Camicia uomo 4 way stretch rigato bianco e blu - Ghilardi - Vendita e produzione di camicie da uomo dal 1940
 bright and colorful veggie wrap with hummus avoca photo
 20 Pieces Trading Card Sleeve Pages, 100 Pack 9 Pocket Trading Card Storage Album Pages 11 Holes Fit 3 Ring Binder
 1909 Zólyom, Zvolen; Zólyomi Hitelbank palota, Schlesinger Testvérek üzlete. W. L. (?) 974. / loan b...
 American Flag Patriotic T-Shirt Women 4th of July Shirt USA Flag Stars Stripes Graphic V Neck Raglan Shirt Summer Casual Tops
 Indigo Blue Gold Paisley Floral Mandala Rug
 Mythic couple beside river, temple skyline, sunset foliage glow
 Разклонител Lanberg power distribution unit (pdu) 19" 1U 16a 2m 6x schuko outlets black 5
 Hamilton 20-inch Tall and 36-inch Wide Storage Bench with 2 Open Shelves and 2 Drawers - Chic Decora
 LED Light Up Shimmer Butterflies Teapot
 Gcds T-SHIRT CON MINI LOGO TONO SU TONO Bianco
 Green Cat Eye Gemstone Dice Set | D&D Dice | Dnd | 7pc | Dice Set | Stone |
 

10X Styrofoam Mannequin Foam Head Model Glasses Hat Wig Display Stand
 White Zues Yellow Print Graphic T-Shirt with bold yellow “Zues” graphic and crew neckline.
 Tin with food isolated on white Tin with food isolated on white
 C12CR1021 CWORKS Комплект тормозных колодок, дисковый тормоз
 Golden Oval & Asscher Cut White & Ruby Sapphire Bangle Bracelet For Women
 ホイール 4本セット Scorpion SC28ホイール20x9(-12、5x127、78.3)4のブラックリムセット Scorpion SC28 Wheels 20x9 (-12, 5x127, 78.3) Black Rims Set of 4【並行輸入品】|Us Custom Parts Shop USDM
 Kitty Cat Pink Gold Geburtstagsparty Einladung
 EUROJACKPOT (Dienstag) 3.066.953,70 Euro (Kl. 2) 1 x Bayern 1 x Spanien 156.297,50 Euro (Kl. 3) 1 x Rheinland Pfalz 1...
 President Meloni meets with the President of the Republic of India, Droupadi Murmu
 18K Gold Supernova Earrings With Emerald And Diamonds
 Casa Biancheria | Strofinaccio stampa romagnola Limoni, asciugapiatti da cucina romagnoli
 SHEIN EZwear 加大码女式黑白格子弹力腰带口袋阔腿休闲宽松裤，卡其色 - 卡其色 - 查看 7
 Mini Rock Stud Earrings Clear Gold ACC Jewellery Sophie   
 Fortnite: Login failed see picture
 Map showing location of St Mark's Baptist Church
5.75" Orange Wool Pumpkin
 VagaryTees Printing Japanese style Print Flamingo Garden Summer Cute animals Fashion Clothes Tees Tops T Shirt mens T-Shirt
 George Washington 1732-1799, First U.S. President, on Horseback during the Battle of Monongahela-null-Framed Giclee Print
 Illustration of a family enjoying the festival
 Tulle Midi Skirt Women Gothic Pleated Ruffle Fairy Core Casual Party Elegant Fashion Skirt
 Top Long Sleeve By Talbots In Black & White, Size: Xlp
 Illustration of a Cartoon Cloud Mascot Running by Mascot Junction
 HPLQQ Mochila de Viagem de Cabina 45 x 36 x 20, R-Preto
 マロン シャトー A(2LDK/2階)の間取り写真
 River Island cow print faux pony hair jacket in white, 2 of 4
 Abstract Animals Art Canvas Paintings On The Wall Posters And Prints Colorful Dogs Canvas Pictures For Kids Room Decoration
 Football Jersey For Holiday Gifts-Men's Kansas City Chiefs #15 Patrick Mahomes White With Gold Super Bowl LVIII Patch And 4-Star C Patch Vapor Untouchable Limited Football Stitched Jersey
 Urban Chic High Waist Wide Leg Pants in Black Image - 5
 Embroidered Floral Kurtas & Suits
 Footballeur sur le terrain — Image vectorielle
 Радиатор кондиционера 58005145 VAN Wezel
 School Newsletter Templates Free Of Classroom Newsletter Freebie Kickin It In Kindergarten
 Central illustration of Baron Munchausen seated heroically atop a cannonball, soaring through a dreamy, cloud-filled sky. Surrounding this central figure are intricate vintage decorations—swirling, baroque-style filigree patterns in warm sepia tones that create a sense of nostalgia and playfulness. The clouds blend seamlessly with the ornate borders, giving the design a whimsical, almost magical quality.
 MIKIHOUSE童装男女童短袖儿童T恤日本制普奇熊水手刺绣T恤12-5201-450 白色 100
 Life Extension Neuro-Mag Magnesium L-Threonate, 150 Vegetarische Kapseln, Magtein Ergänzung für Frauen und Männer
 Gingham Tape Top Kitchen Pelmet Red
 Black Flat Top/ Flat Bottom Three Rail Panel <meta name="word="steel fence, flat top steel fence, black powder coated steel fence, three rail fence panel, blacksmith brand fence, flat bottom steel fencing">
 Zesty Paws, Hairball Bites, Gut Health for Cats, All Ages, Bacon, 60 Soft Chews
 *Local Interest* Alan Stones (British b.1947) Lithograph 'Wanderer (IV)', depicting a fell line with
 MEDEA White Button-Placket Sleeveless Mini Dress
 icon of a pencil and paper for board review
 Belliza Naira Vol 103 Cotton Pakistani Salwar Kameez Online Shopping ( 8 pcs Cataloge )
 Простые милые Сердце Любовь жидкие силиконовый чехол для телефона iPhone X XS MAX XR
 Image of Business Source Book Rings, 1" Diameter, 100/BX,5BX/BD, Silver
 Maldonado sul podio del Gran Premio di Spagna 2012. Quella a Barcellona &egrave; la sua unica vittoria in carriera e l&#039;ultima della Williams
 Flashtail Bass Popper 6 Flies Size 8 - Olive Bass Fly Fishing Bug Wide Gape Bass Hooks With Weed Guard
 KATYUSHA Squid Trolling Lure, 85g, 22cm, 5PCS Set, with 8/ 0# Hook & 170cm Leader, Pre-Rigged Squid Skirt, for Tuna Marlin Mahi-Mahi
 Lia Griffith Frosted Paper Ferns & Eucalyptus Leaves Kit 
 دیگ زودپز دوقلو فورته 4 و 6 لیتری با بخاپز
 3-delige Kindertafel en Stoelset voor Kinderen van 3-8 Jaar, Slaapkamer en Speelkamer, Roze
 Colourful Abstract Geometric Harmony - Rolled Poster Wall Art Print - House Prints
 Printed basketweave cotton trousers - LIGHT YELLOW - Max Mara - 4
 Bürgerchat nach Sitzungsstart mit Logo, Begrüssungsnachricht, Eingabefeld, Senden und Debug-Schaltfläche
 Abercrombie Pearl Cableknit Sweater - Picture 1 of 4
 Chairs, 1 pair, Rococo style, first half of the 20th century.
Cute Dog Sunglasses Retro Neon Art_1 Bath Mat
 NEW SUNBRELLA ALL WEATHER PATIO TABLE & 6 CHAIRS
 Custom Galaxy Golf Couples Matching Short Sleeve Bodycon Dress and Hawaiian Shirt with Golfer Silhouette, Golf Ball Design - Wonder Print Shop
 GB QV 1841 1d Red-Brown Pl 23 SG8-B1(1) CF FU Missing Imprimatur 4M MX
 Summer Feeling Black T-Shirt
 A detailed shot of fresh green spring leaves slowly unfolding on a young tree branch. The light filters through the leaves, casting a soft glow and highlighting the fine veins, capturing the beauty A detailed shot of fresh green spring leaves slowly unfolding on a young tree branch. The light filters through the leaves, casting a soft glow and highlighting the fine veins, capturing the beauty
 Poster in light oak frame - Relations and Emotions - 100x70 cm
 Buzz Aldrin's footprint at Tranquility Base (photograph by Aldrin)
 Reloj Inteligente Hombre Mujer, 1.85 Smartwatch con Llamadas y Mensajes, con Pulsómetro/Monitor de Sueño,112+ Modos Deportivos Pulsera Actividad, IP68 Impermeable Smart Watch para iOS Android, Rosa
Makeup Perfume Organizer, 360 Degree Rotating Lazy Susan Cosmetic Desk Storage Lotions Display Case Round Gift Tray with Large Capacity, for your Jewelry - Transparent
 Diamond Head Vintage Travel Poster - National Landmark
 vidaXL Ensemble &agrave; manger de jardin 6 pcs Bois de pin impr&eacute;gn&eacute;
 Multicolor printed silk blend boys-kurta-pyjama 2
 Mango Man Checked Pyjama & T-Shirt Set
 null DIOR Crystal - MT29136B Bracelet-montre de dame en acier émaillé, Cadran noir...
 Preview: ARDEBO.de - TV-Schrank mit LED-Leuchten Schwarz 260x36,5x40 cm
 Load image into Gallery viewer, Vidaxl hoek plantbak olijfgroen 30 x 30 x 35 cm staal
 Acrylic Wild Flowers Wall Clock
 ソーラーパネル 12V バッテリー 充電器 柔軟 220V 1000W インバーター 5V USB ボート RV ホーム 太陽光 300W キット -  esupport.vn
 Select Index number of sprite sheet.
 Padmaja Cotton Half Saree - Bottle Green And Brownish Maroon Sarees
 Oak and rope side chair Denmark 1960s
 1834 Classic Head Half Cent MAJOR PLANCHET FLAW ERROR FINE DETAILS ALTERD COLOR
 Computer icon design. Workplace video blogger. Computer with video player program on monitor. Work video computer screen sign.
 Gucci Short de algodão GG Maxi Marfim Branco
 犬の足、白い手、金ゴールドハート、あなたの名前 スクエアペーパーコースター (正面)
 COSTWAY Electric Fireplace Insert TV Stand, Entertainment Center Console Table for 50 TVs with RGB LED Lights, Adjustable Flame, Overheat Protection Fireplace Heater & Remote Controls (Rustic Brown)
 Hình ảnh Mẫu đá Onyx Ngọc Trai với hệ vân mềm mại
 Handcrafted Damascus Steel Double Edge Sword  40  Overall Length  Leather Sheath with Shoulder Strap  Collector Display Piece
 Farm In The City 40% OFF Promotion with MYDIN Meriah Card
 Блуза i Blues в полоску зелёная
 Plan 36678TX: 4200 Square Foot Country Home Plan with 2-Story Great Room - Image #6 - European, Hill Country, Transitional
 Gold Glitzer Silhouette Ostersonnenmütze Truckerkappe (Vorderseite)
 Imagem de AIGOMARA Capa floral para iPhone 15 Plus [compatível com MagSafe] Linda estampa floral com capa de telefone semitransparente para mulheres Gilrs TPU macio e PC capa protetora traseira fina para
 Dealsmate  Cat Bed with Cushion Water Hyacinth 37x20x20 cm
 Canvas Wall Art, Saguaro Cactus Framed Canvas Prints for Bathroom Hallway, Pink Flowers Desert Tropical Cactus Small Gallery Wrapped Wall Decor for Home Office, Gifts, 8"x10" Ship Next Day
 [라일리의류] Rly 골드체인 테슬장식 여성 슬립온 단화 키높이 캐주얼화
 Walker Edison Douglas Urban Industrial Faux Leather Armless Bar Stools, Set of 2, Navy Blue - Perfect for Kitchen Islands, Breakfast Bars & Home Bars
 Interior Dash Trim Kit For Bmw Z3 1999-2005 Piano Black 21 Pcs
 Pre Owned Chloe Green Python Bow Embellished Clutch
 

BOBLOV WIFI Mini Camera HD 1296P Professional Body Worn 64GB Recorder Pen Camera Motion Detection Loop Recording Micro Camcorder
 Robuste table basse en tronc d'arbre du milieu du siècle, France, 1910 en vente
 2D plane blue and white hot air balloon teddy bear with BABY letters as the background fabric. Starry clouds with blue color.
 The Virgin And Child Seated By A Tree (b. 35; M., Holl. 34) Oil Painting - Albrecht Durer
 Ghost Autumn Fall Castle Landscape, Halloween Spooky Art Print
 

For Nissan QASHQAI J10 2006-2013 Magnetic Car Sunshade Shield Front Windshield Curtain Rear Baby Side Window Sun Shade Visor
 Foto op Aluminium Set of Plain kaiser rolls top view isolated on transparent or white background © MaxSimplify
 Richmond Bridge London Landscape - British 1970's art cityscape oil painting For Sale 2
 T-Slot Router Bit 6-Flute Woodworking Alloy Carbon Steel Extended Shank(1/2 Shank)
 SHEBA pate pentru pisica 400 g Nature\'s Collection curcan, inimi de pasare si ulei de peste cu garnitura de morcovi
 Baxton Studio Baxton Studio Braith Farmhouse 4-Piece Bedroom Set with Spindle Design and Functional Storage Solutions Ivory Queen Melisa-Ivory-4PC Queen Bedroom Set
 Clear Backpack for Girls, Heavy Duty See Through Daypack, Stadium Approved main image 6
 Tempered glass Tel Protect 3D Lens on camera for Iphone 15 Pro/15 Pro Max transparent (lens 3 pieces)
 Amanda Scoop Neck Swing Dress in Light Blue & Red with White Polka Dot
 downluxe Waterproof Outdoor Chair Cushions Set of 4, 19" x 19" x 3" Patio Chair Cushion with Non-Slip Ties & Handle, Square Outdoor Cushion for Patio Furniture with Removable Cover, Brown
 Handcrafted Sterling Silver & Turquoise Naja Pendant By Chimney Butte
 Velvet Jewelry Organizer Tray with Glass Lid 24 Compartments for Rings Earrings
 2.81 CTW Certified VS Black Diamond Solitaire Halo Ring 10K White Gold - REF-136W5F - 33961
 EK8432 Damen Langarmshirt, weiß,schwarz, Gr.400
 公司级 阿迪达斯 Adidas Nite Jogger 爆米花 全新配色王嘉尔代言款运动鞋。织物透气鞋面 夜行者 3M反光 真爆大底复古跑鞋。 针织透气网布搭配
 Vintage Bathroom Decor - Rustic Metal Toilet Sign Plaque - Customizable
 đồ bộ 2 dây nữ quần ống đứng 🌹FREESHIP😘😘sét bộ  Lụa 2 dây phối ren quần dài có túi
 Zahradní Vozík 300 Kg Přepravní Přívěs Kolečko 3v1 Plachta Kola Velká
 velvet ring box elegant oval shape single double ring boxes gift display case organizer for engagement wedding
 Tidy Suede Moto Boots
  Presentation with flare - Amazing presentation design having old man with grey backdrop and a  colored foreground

##########

• _EXERCISE INSTRUCTIONS_:
Where the line holding "vidaXL Ensemble &agrave;" appears in the listing above, start reproducing exactly, and end with the line holding "Hình ảnh Mẫu".

• _EXPECTED ANSWER_:
 vidaXL Ensemble &agrave; manger de jardin 6 pcs Bois de pin impr&eacute;gn&eacute;
 Multicolor printed silk blend boys-kurta-pyjama 2
 Mango Man Checked Pyjama & T-Shirt Set
 null DIOR Crystal - MT29136B Bracelet-montre de dame en acier émaillé, Cadran noir...
 Preview: ARDEBO.de - TV-Schrank mit LED-Leuchten Schwarz 260x36,5x40 cm
 Load image into Gallery viewer, Vidaxl hoek plantbak olijfgroen 30 x 30 x 35 cm staal
 Acrylic Wild Flowers Wall Clock
 ソーラーパネル 12V バッテリー 充電器 柔軟 220V 1000W インバーター 5V USB ボート RV ホーム 太陽光 300W キット -  esupport.vn
 Select Index number of sprite sheet.
 Padmaja Cotton Half Saree - Bottle Green And Brownish Maroon Sarees
 Oak and rope side chair Denmark 1960s
 1834 Classic Head Half Cent MAJOR PLANCHET FLAW ERROR FINE DETAILS ALTERD COLOR
 Computer icon design. Workplace video blogger. Computer with video player program on monitor. Work video computer screen sign.
 Gucci Short de algodão GG Maxi Marfim Branco
 犬の足、白い手、金ゴールドハート、あなたの名前 スクエアペーパーコースター (正面)
 COSTWAY Electric Fireplace Insert TV Stand, Entertainment Center Console Table for 50 TVs with RGB LED Lights, Adjustable Flame, Overheat Protection Fireplace Heater & Remote Controls (Rustic Brown)
 Hình ảnh Mẫu đá Onyx Ngọc Trai với hệ vân mềm mại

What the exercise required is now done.